Essa, alias, foi outra matéria em que o Bolsonaro assumiu uma posição contraditória, parindo a confusão que quase custou dezenas de bilhões aos cofres públicos. A exclusão de categorias do funcionalismo ao congelamento dos salários foi negociada pelo governo com o Congresso. O próprio líder do governo na Câmara Federal, o já mencionado Major Victor Hugo, chegou a dizer que orientava o voto em relação à matéria com base nas diretrizes do presidente.
Quem estrilou foi Guedes, que pressionou Bolsonaro a vetar os dispositivos, o que acabou acontecendo no limite do prazo, abrindo janela para inúmeros reajustes. O próprio presidente foi responsável por um deles. Um dia antes do veto, encaminhou uma Medida Provisória concedendo aumento para policiais militares, civis e bombeiros do Distrito Federal. Com isso, criou uma demanda reivindicatória na véspera de impedir todas as demais categorias de terem direito ao mesmo tipo de benefício.
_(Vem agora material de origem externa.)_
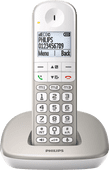 Philips Draadloze DECT-Telefoon met 1 handset XL Vaste telefoon met DECT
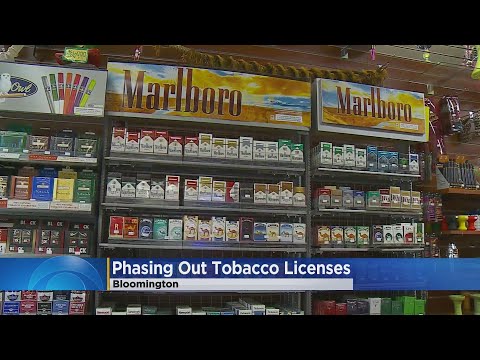 Bloomington begins phasing out tobacco licenses for businesses
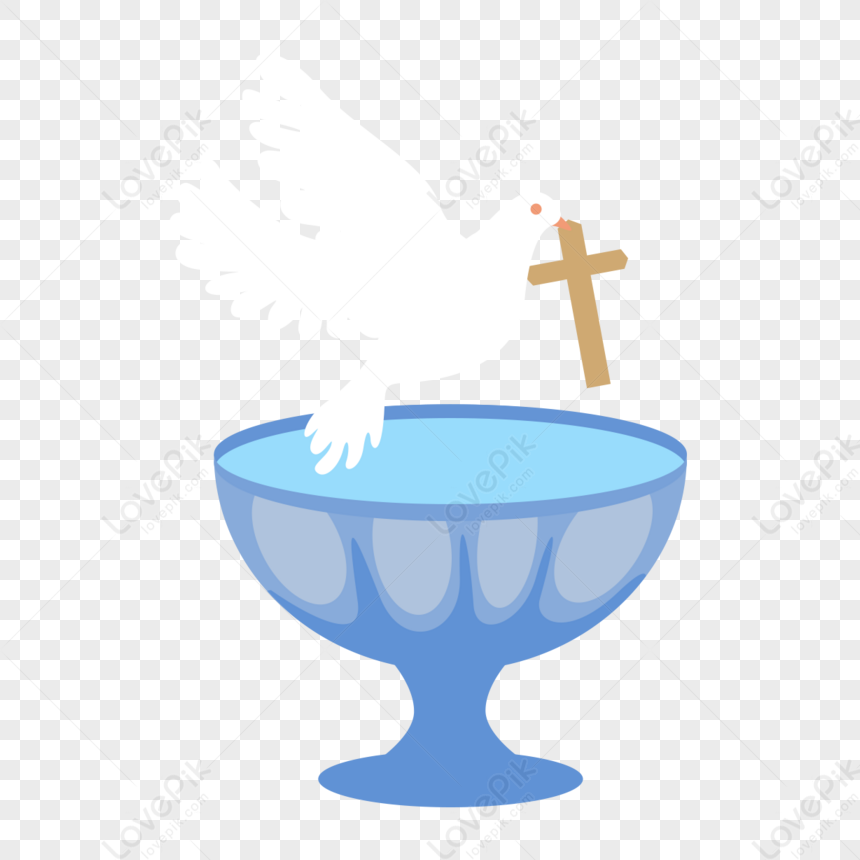 Blue Religious Baptism Clipart,feather,concept,pigeon PNG Image And ...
Não se pode culpar o Senado por votar de acordo com o que havia sido previamente negociado com o governo. Tanto é assim que os votos fundamentais pela derrubada do veto na casa vieram de apoiadores de Bolsonaro, como a senadora Soraya Thronicke.
O resultado adverso produziu reações destemperadas de Bolsonaro e Paulo Guedes. O primeiro disse que o país se tornaria “ingovernável”, e o segundo que os senadores haviam praticado um “crime”. Frases de efeito que não ajudaram a resolver o problema.
Com silêncio e obstinação, Maia e Barros costuraram o consenso entre seus colegas de que a possibilidade de reajustes era incompatível com a realidade. Em 24 horas garantiram o veto presidencial e derrubaram a decisão do Senado.
O ambiente propício para uma agenda de reformas demanda reconhecimento do exercício da política e das relações institucionais. Para isso é preciso de disposição para o diálogo, não o desejo incontido de encher a boca dos outros de porradas.
Apesar de eventuais erros e de uma banda de congressistas despreparados, é o Legislativo liderado por Rodrigo Maia que hoje representa o fiel da balança ante o baguncismo promovido pelo Palácio do Planalto. A demonização do presidente da Câmara pelo bolsonarismo militante é apenas expressão do ódio que essa gente nutre pelos fundamentos da democracia liberal.